记得有一天晚上,我到育新花园去看望老师,在电梯间里遇到一对带着一个小女孩的年轻夫妻。时间已经是晚上八点了,这个只有四岁的小女孩嚷着快点回家睡觉。然而,母亲却告诉她说:“宝宝,回家还要弹钢琴呢。”小女孩撒娇地摇摇头。父亲把她抱起来,耐心地哄她说:“好,好,今天晚上弹一点简单的,贝多芬的《欢乐颂》怎么样?”小女孩无奈地点点头,脸上哪里有一点“欢乐”的表情?开电梯的阿姨连声称赞说:“好聪明的闺女,这么小小年纪就会弹钢琴了,长大了一定是个音乐家!”孩子的父母脸上顿时乐开了花。但是,我心里却很怜悯这个四岁的女孩,她的欢乐显然与贝多芬的《欢乐颂》毫无关系。父母牢牢记得孩子的前程,单单却忘记了她还是一个孩子!假如我有一天为人之父,我一定不会像这些口口声声说“为孩子好”的家伙——说到底,他们还不是为了自己的面子!
童年被用来换取名誉,那么拥有名誉之后,又用什么来换取童年呢?
欲说还休的“语文”
在中学语文教育逐渐成为各界讨论的焦点的今天,一套《新语文》读本在二十一世纪的地平线上横空出世。这套读本从文化价值、教学理念到编排方式、选文标准都与传统的“语文”课本迥然不同。作为编委之一,我负责西方文学部分内容的编写工作,我希望这套读本能给孩子们提供崭新的文化资源,能帮助他们熟练地运用母语表达自己的思想感情。
就我个人的经历来说,我念中学的时候,几乎没有认真听过几节“正统”的语文课。我看重的是个人的审美、个人的自由、个人的独立和个人的尊严——文学理应承担赋予人类这一切美德的任务。尽管我们的语文教育是那样的糟糕,但我幸运地遇到了几位伯乐式的语文老师,他们发现了我的天赋,并决定对我“网开一面”——特许我上课时阅读自己喜欢的文学书籍,甚至还借了许多书籍给我阅读。八十年代那些思想解放运动中凸现出来的著作,几乎都是在中学时代接触的。而我的语言感觉和思想能力,正是在长期的“随便翻翻”中形成的,跟那套老掉牙的教育部“统编”语文课本毫无关系。语文课堂上的语法分析、划分段落、概括中心思想,在我看来全是“睁着眼睛说瞎话”。

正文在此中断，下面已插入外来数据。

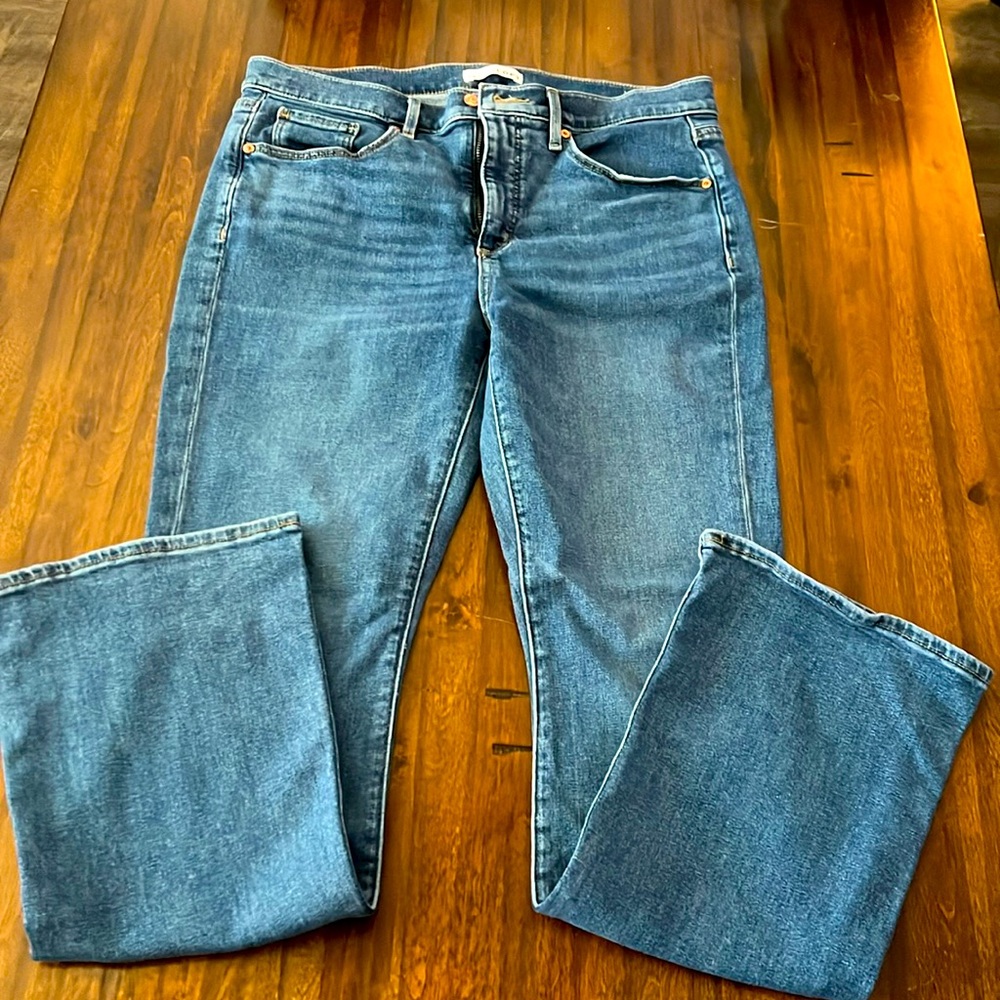 Loft flared denim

很多年过去了。我也进入了“作家”的行列,在诸多中学阅读教材和补充读物中也出现了我的文字。有一次,在一本中学语文教学参考书上,我偶然发现自己的一篇文章被选用来作为“现代文阅读材料”。一开始,我还感到十分荣幸,后来发现文章后面出了十道“阅读题”:诸如划出原文中的一句话来,询问“作者的本意是什么”,下面列有四个备选的答案。我尝试着做了一遍,题目的难度远远超过了我的想像。我写文章的时候也没有消耗这么多的智力和精神。好容易答完了题目,我再对照后面的标准答案,不由得倒吸了一口凉气:结果十道题全部都做错了!看来,那位出题的语文老师比作为作者的我更了解“作者的本意”!

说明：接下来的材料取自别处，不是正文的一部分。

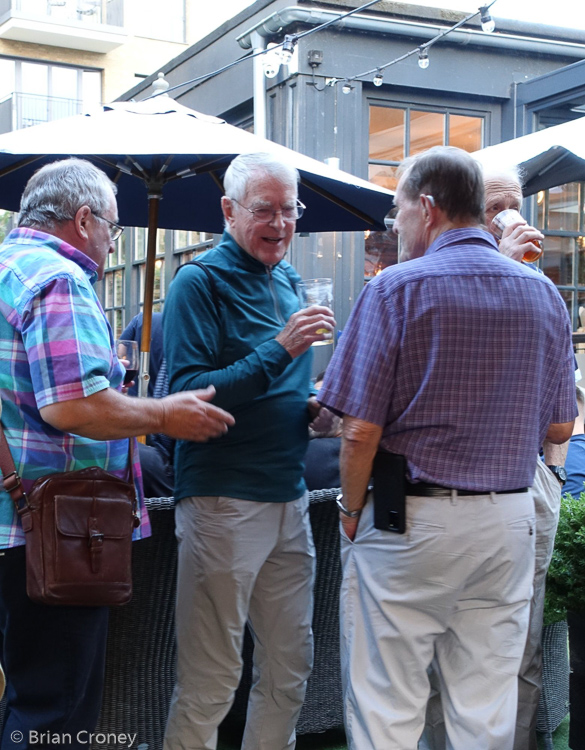 L to R: Phil Colman, Mike Pontin talking to Peter Ernster, Richard Churchuill in the background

这就是我们的中学语文教育。乏味的课文、割裂的教学方法、强迫性的死记硬背……使得大部分中学生将语文课看作是最可怕的课程。同时,语文课本中还传播着若干错误的信息和观念,诸如太空中能看见长城、大英博物馆中留下了马克思的脚印等等。假话和谎言充斥着语文课本。因此,很少有学生热爱语文课的,除非他也跟我一样幸运,遇到了有慧眼的语文老师。然而,即使在这种老师教得苦不堪言、学生学得叫苦连天的情况下,还是有不少人拼命地“捍卫”中学语文教学的旧有模式。如果说某些已经习惯旧有教育方式的老师和圈内人士的“保守”还有值得理解之处,那么另一些人士对变革的恐惧就让人感到莫名惊诧了——在复旦大学开过文学课的女作家王安忆,就是这群“无名的恐惧者”之一。王安忆在《南方周末》上的一篇访谈中说,应试教育是一种通才教育,它没有培养一个作家的义务。她对韩寒这样脱颖而出的少年作家不以为然,“现在的新概念作文完全否定学校的语文教育。在这同时,有些小孩退学不学习,去写小说,得到出版商的炒作以后,他们居然成功了。更加证明了语文教育的不对和落后。事实上暗合了一些孩子的漠视语文的心理。因为整个语文水准的下降,所以他们的教养都很粗鲁。”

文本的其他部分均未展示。